Cho Hyun-ock, the former personnel affairs secretary for President Moon Jae-in, expressed “regrets” over “appointments that did not meet the public’s standards” as she left the Blue House after she was replaced along with several vice ministers. It was the first time a staffer at this Blue House admitted to the government’s mistakes in appointments.

Over the last two years, 11 vice-ministerial-level officials stepped down after confirmation hearings and 15 ministerial-level officials took office without legislative endorsements because of serious questions about their past.

The belated apology from the outgoing secretary is a lesser problem. The person who is directly responsible for a series of appointment failures remains seated. Cho Kuk, senior presidential secretary for civil affairs, is responsible for filtering out the short-listed candidates for public posts.

Retaining him could suggest President Moon does not take the appointment mistakes and criticism about them seriously. Moon recently encouraged government ministers, telling them that they were doing “a good job” and that he disagrees with the criticism of their appointments.
The two Chos came under fire for every poor choice for senior public posts.
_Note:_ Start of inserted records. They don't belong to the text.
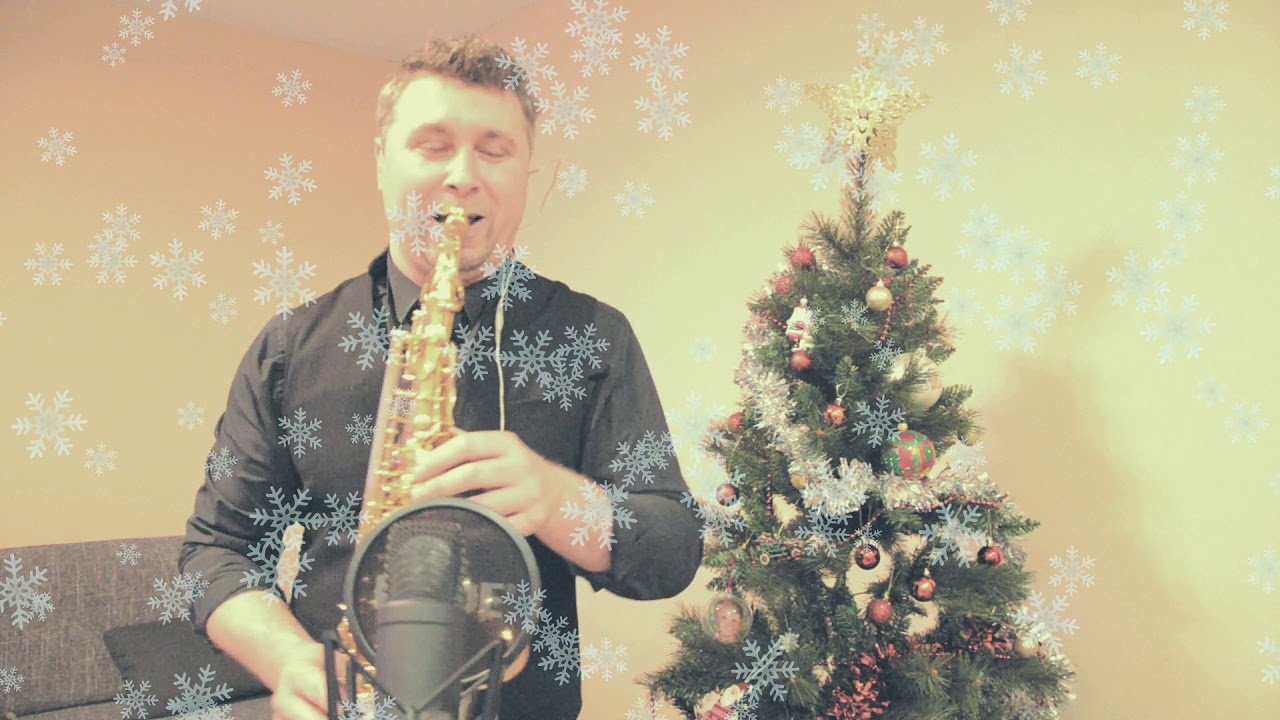 Silent Night   T-Sax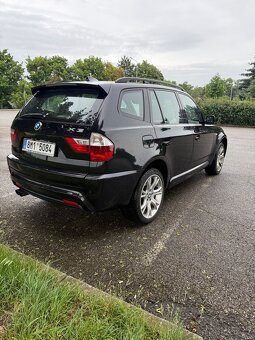 BMW X3 3.0 sd 210kw - 7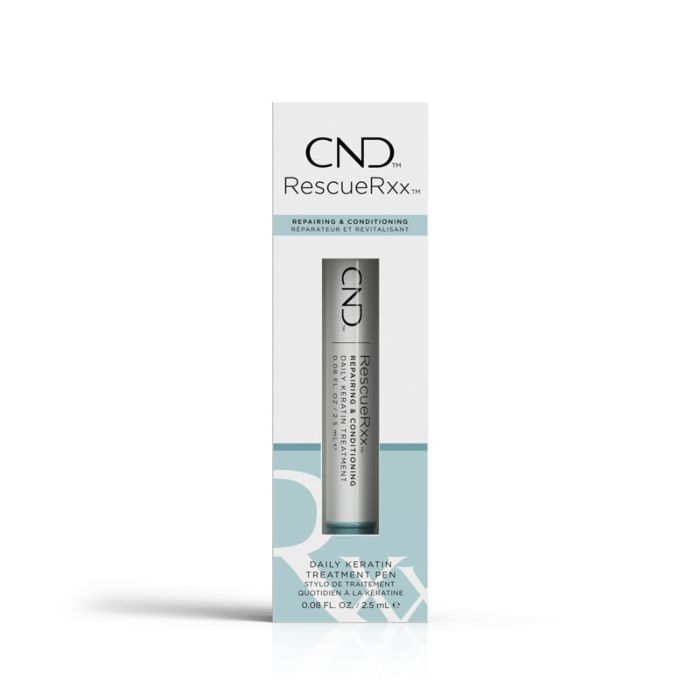 CND Rescue Rxx Daily Keratin Treatment Care pen - 2.5ml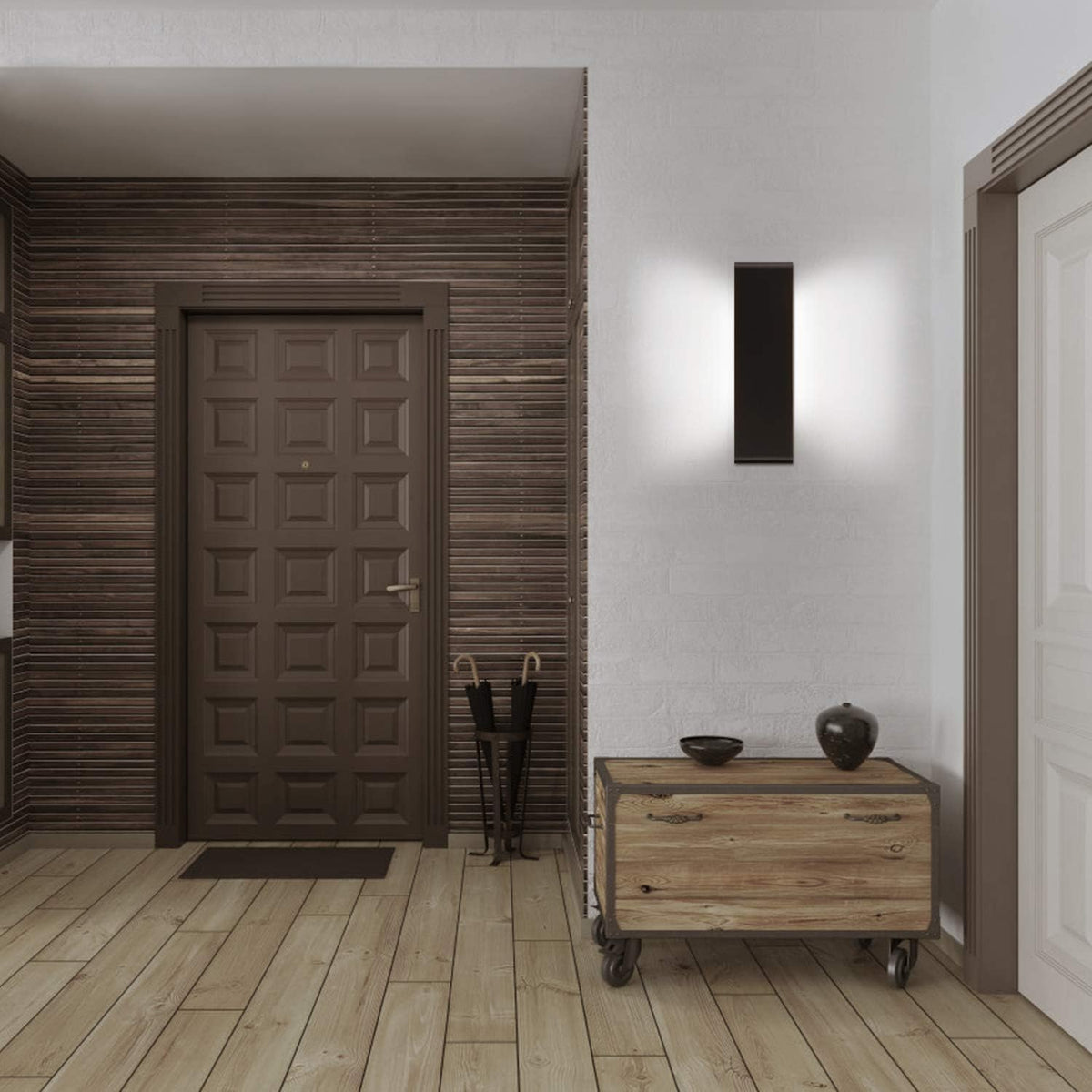 TORCHSTAR LED Thin Wall Light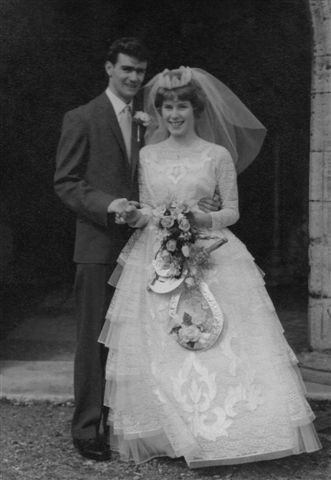 Golden Wedding Anniversary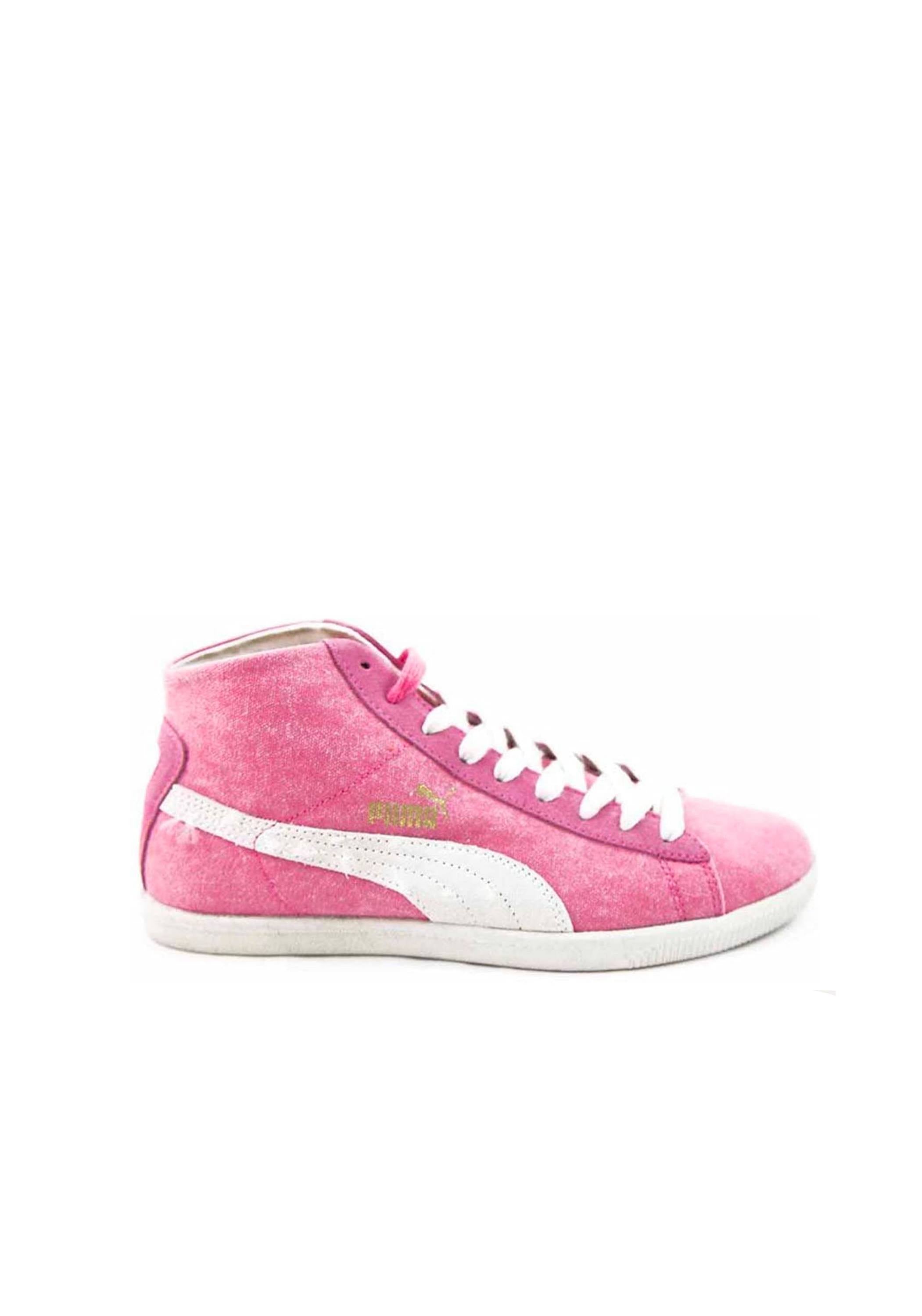 SCARPE Rosa Puma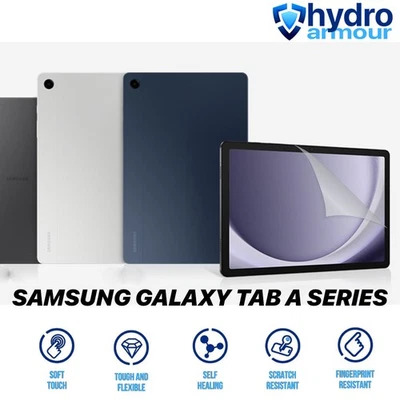 High Definition Clear HYDROGEL Screen Protector Samsung Galaxy Tablet Tab A A8 A — 第 1/4 张图片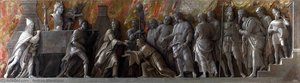 L'introduzione Del Culto Di Cibele A Roma — Andrea Mantegna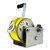 Powerwinch Utility Series Winch 3,200lb, 2 Speed, 9" Crank Arm - Zinc [21500-W-3200-9-Z-R]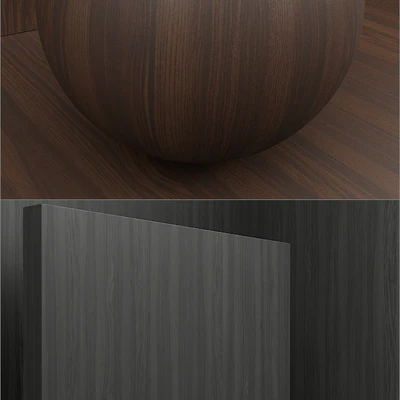 Material wood / veneer (seamless) - set 37 — Ver 3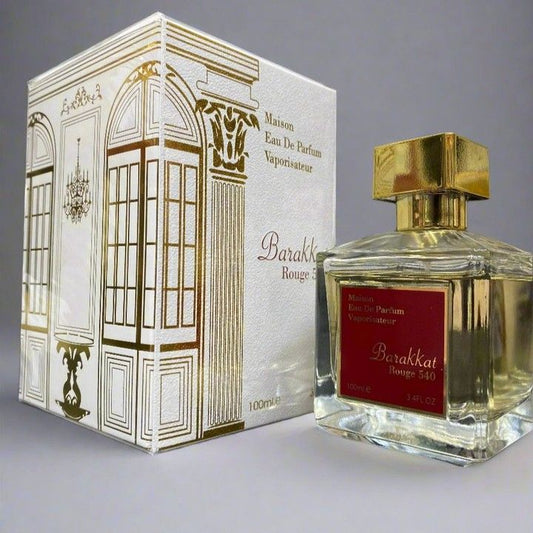 Barakkat Rouge 540 Maison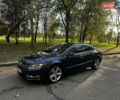 Синий Фольксваген CC / Passat CC, объемом двигателя 2 л и пробегом 178 тыс. км за 12500 $, фото 1 на Automoto.ua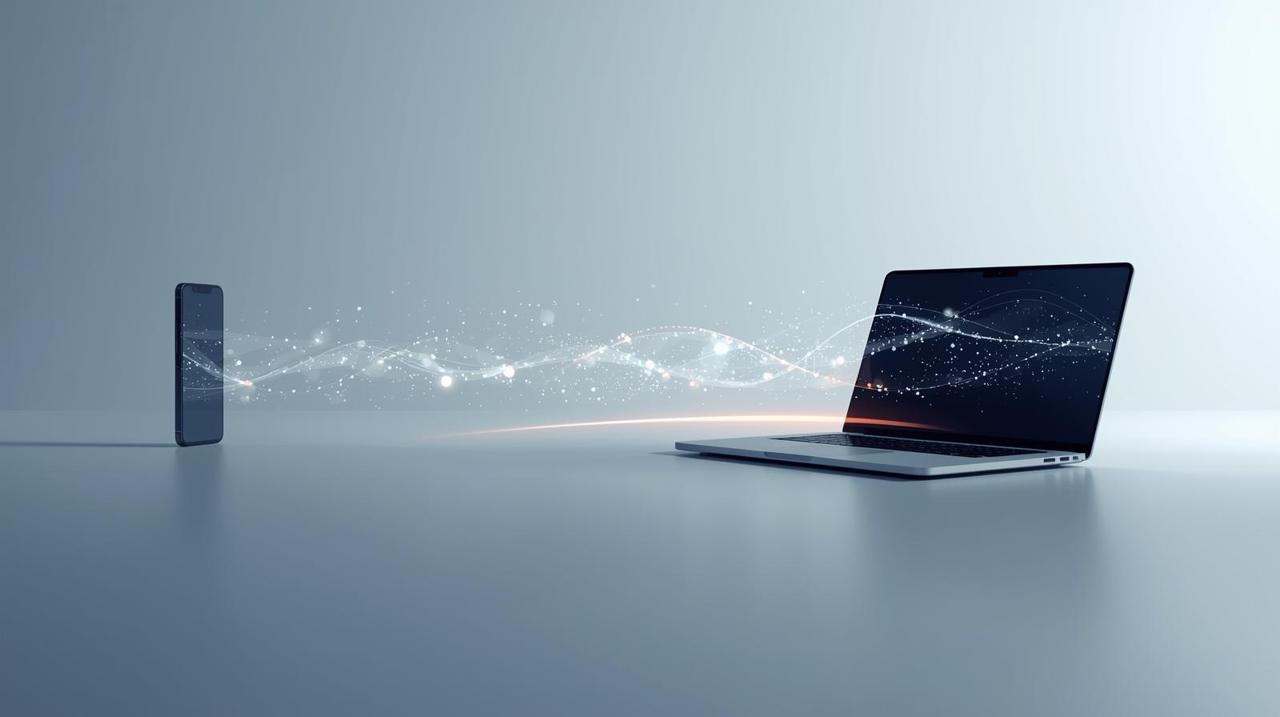 Safe Strategies for Secure Data Transfer Across Devices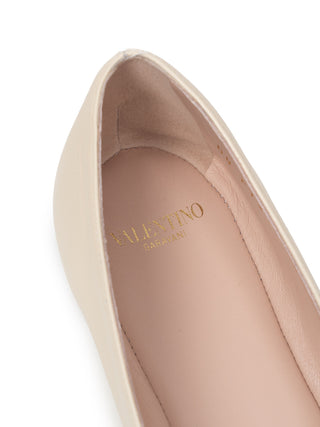 V-Logo Ballerina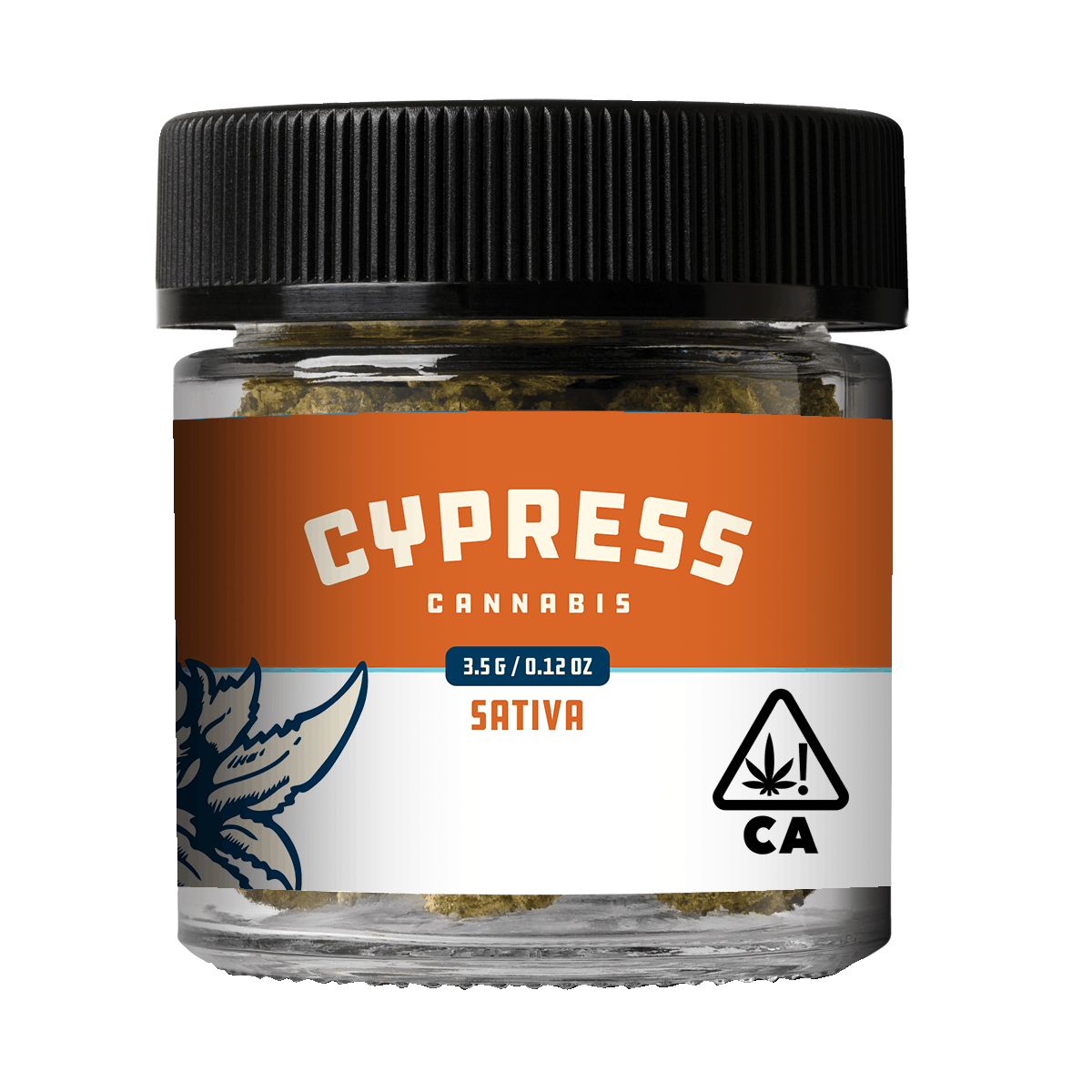 Cypress Premium SFV OG 3.5g Cypress Cannabis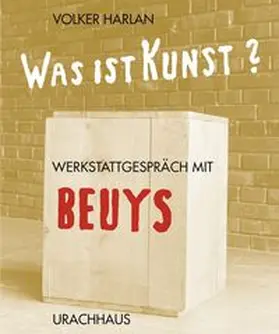 Harlan |  Was ist Kunst? | Buch |  Sack Fachmedien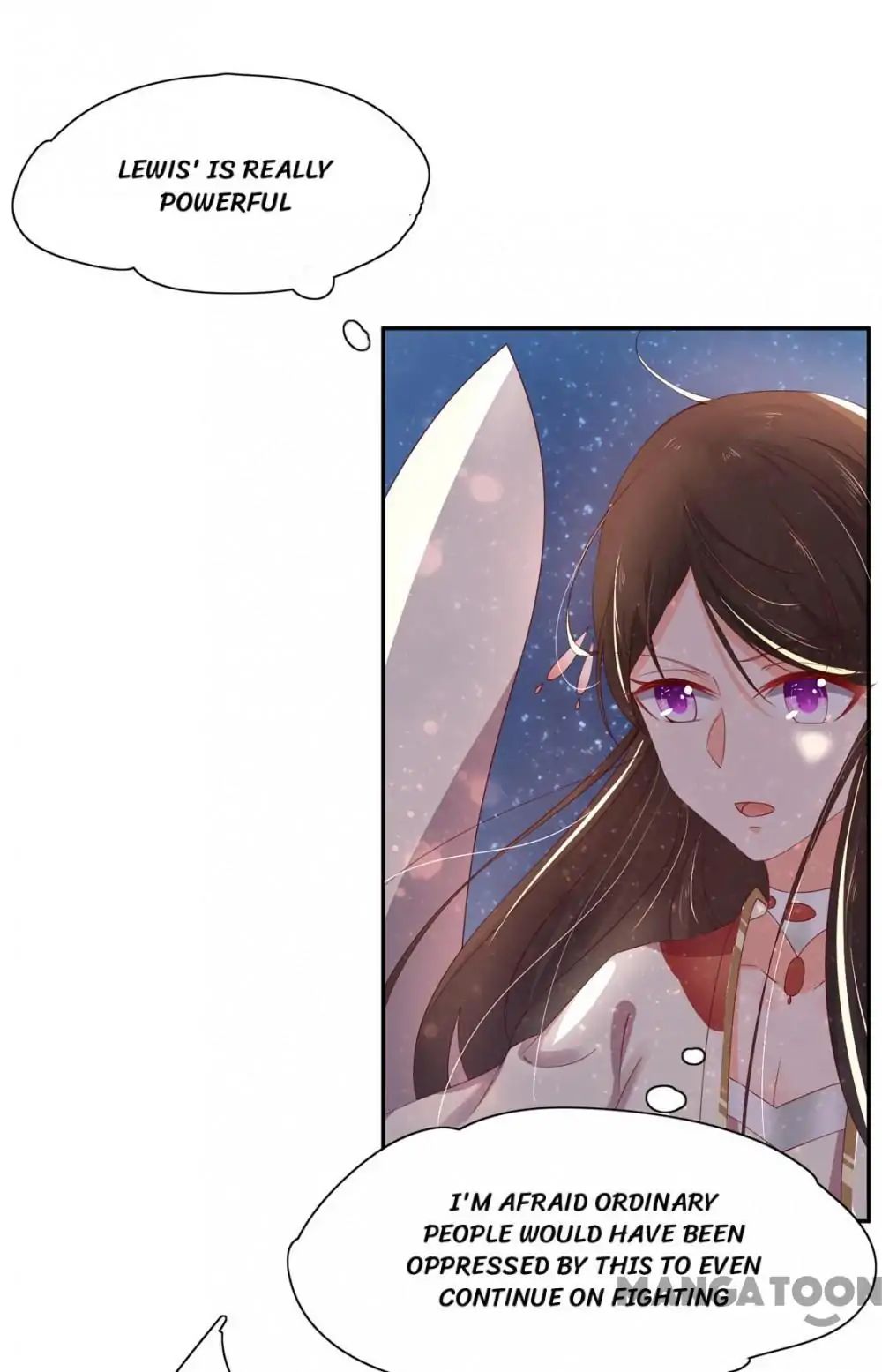 Princess’s Happily-ever-after Marriage chapter 103 - page 43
They may argue that they had a small pool to start with, as figures were sought from within the boundaries of ideology and had to be in sync with the liberal president. Still, their responsibilities should not be taken lightly. The civil affairs office in the Blue House must be either impotent or complacent, as it does not go against the will of the president. Both aides neglected their duty.

The civil affairs office is a powerful division responsible for not just appointments and public service discipline but also oversight of corruption in public office.

Cho Kuk is also responsible for upholding public service discipline. During a recent meeting with cabinet ministers, Moon called for a toughening of discipline in public service after the controversial leak of his recent private phone conversation with U.S. President Donald Trump. But with discipline in the Blue House itself in question, Cho is not the best person to set the house back in order. Without getting rid of Cho, no meaningful improvements can be expected in public service discipline or appointments.